Schiller und die Tradition des Erhabenen
Paul Barone
Erstmals seit dem 18. Jahrhundert ist das Erhabene in den letzten Jahrzehnten wieder zu einem Schlüsselbegriff ästhetischen Denkens geworden. Während neuere Ansätze erhabene Kunst als ‘sublime’ Entmachtung der als hybrid empfundenen Autonomie des Subjekts zu denken versuchen, gründet Schillers Ästhetik des Erhabenen noch im Projekt der Aufklärung: vor dem Hintergrund des aufklärerischen Ideals der Mündigkeit konzipiert er das Erhabene als Einübung des Individuums in seine autonome Selbstbehauptung.
In Schillers bedeutender Spätschrift „Über das Erhabene“ wird die aufklärerische Ästhetik des Erhabenen zu einem letzten Höhepunkt geführt.

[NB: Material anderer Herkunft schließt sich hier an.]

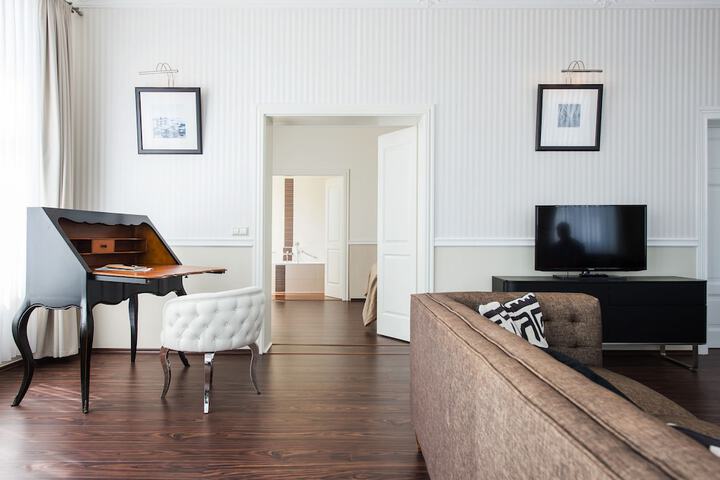 Room 46 of 69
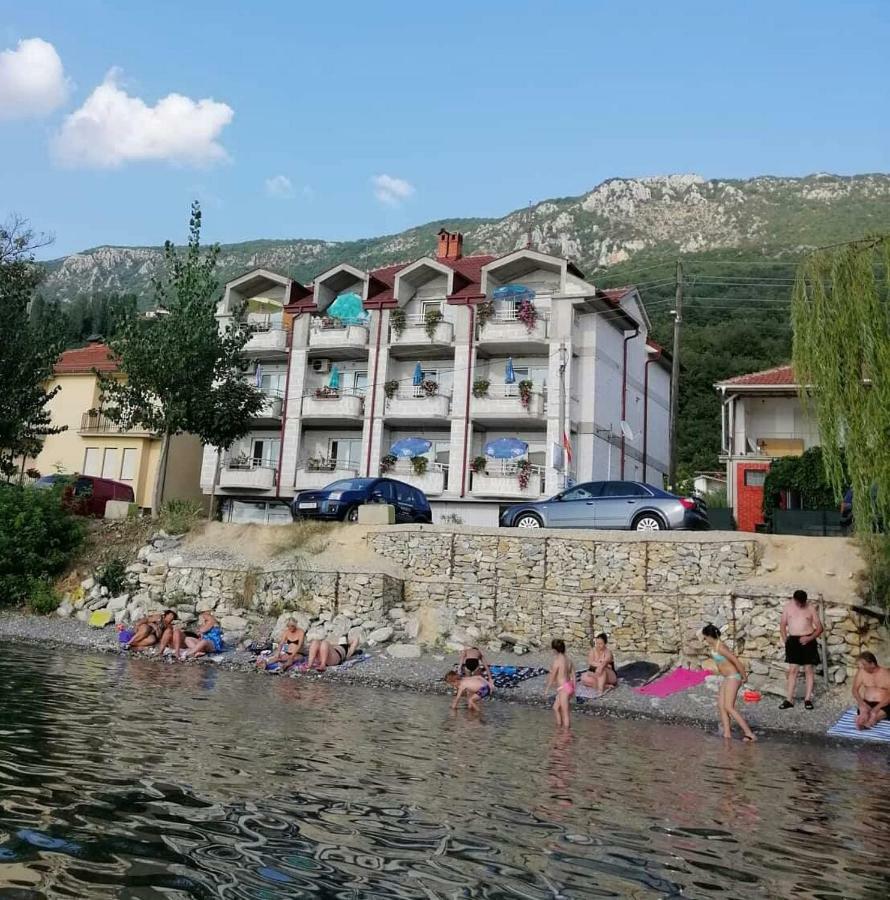 Apartmani Bakule Pestani Exterior photo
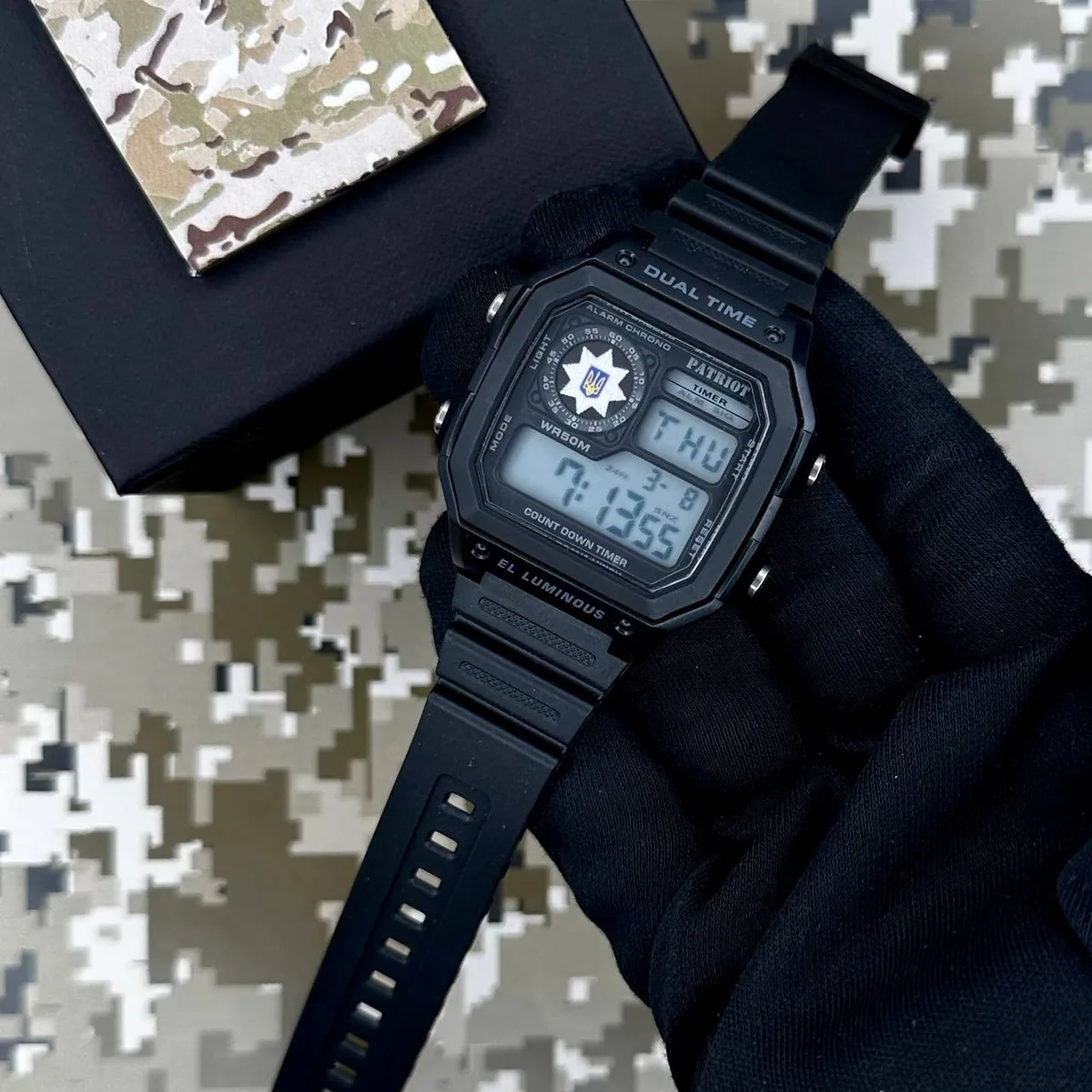Годинники Patriot Полімерні 50 м Чорні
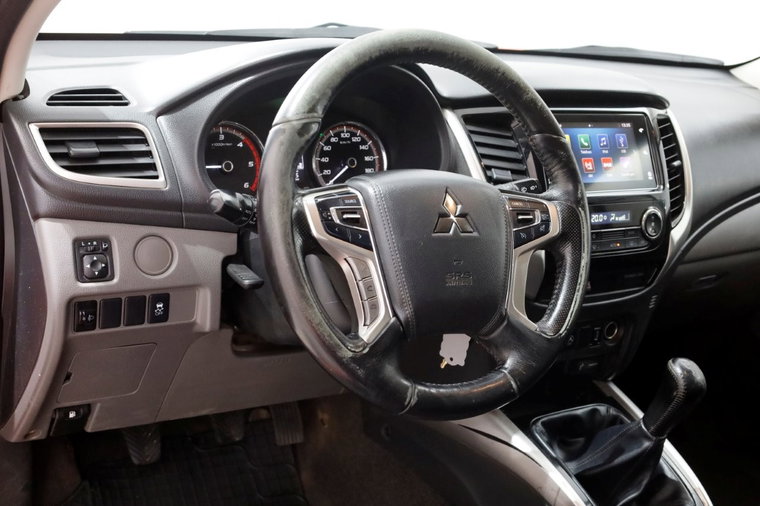 Vehicle Image 14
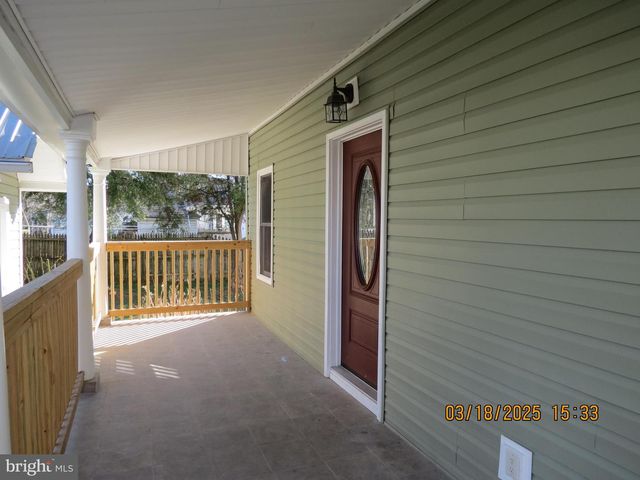 820 NEW YORK AVE, Martinsburg, WV 25401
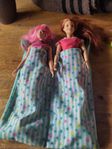 Barbiedockor med tillbehör och sovsäck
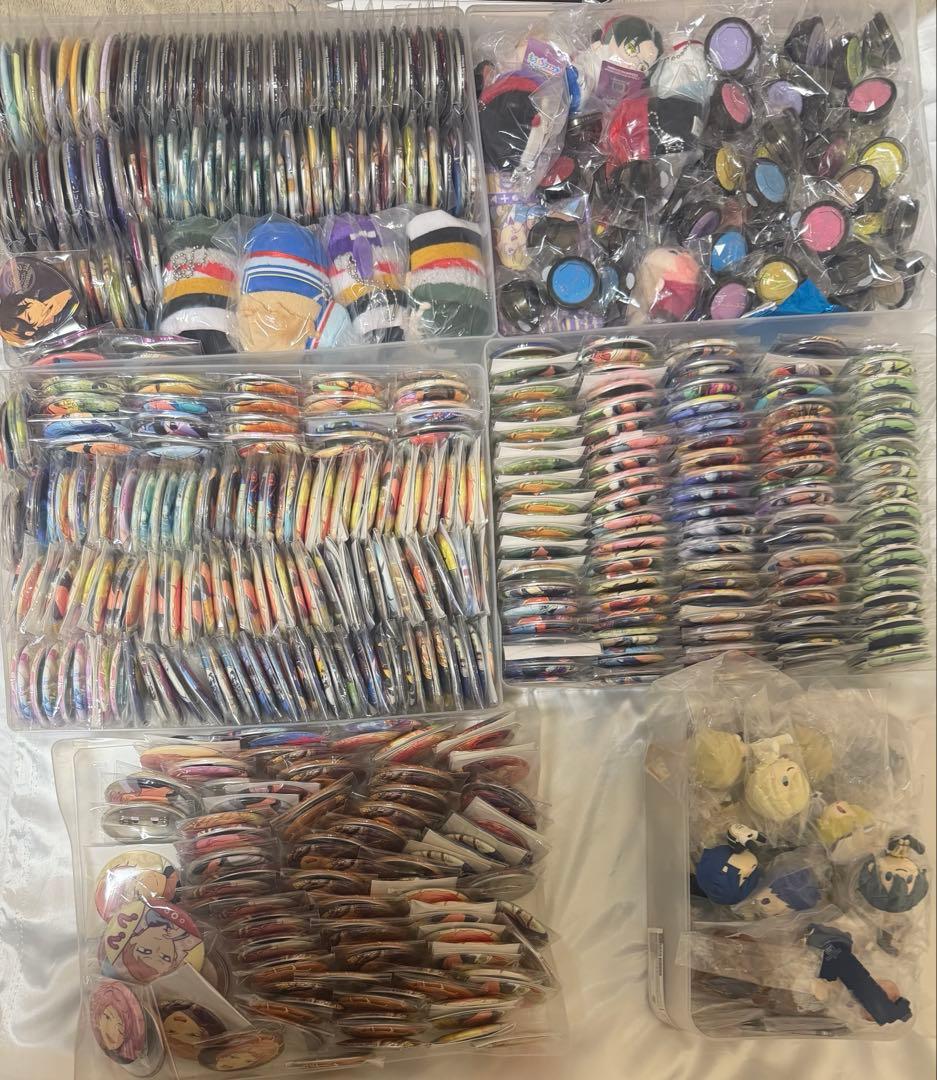 【超大量　新品　まとめ売り】あんスタ 缶バッジ　フィギュア　立体物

Seine klassische Dramaturgie des Erhabenen wird in der vorliegenden Untersuchung durch textnahe Interpretation zum ersten Mal ausführlich rekonstruiert: in den Geschichtstragödien, vor allem in der Wallenstein-Trilogie, werden die moderne Poltik und Geschichte nach dem Modell des Naturerhabenen als furchtbares und ungeheures Naturschauspiel inszeniert. Der Zuschauer wird schonungslos mit den ‘Schiffbrüchen’ des Menschen in den ‘Stürmen’ der modernen Geschichte konfrontiert, um zum autonomen Widerstand provoziert und auf eine freie Bewältigung seiner conditio humana vorbereitet zu werden.